USCIS Policy Change
USCIS Policy ChangeIn their new guidance, U.S. Citizenship and Immigration Services (USCIS) will now start deportation proceedings for thousands of applicants who are denied an immigration benefit. This policy change is a clear sign of a change in the way that USCIS operates.
Just as a refresher, USCIS is to administer immigration benefits, not enforce immigration. USCIS was created to focus on customer service, processing visa, green card, naturalization and humanitarian applications. The new USCIS guidance instructs staff to issue a Notice to Appear (NTA) to anyone who is unlawfully present when an application, petition, or benefit request is denied. This will include all undocumented applicants, as well as those individuals whose lawful status expires while their request is pending.

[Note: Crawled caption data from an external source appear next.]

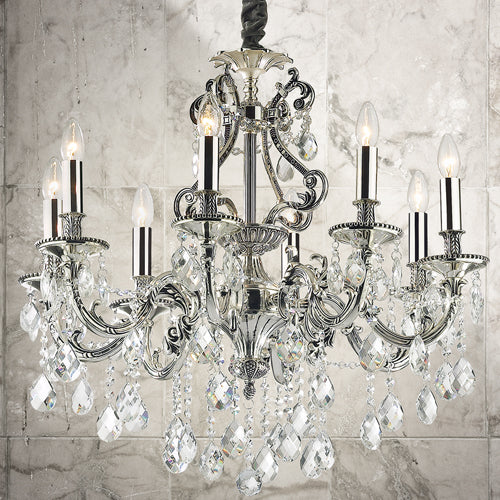 Ideal Lux 044934 Gioconda Traditional 8 Arm Chandelier Silver Frame Pendant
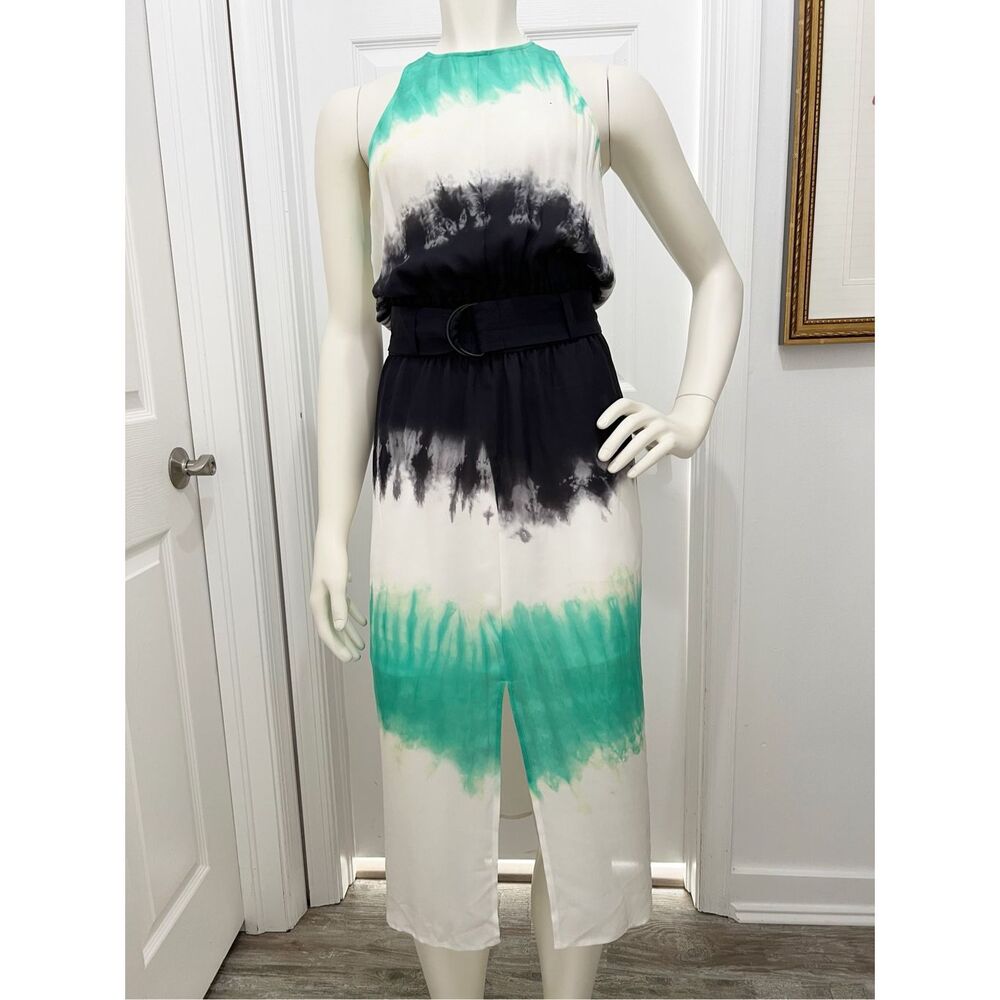 A.L.C Womens Multicolor Tie-dye Tallulah Belted Racerback Silk Midi Dress Size 0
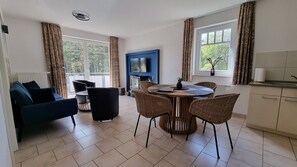 TV, fireplace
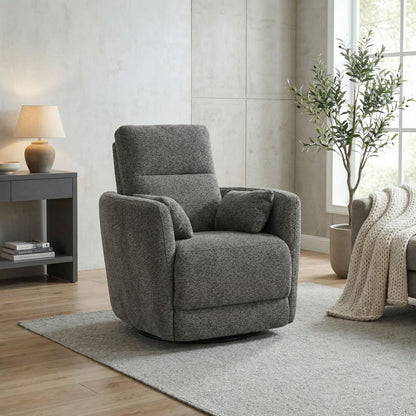 Milan - Swivel Recliner With Manual Footrest - Gray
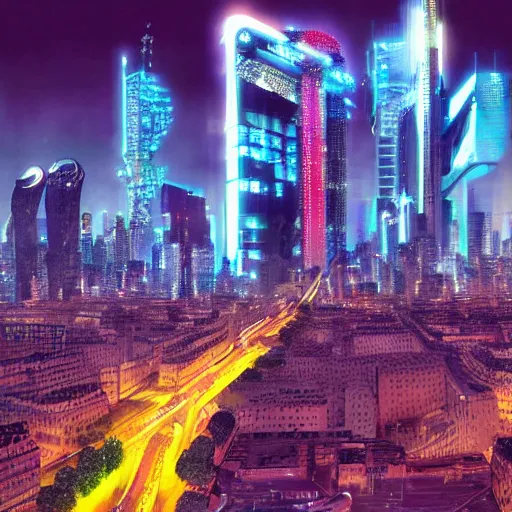 Image similar to cyberpunk paris 2 0 7 0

An NTA (Form I-862) is a document issued to individuals when there are grounds for deporting them from the United States. The NTA is issued by Immigration and Customs Enforcement (ICE), Customs and Border Protection (CBP) and USCIS. It must be served to the individual and presented to the immigration court for removal proceedings to be triggered. When someone receives an NTA, they must appear before an immigration judge to determine if they are eligible to remain in the country legally or should be removed.
This new guidance makes USCIS issue NTAs as well in these cases:
- Denials of an initial application or re-registration for Temporary Protected Status (TPS) or a withdrawal of TPS when the applicant has no other lawful immigration status.

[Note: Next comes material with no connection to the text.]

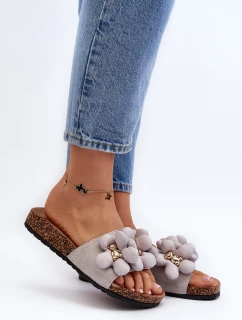 Dámské šedé sandály s ozdobami Bunlia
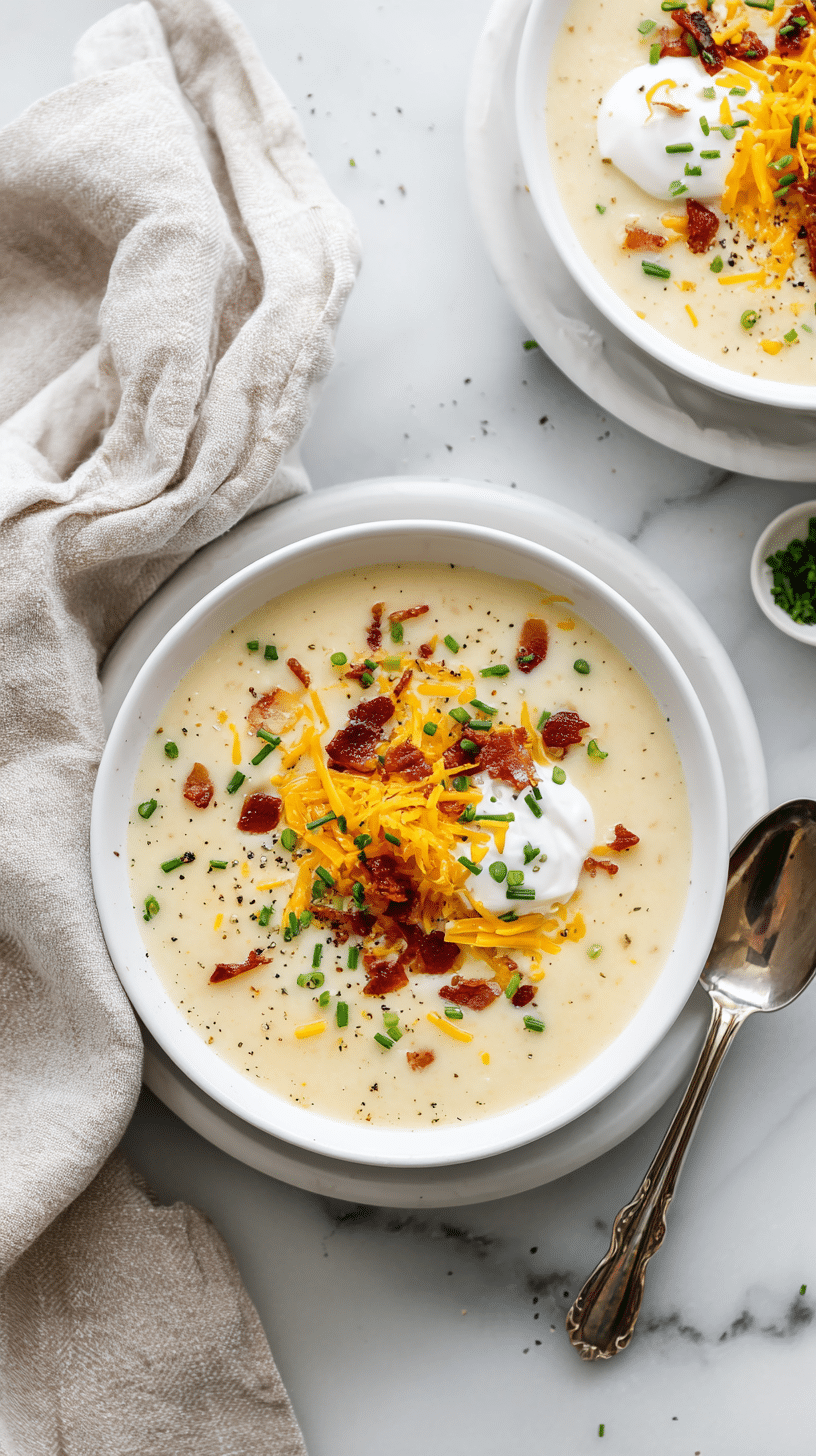 Loaded Potato Soup in a bowl with cheddar, bacon, scallions, and sour cream, top-down view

- When fraud, misrepresentation, or evidence of abuse of public benefit programs is part of an individual’s record.
- When someone is under investigation or arrested for any crime, if the application is denied and the person is removable.
- In cases where USCIS issues an unfavorable decision and the individual is not lawfully present in the United States.
Previous leaders of USCIS have issued memos against the practice of widespread NTA issuance, arguing it was impractical, would divert resources, create longer wait times, and clog the immigration courts even more. Further, denials of immigration benefits applications are often reversed upon reconsideration or appeal. This means that thousands of cases that will be approved will be needlessly delayed in an already overworked court system. If an immigration benefit request is approved on appeal, the individual must then seek termination of proceedings, consuming even more court resources. With over 700,000 cases already in the court backlog, it’s unimaginable for the agency to manage many thousands more.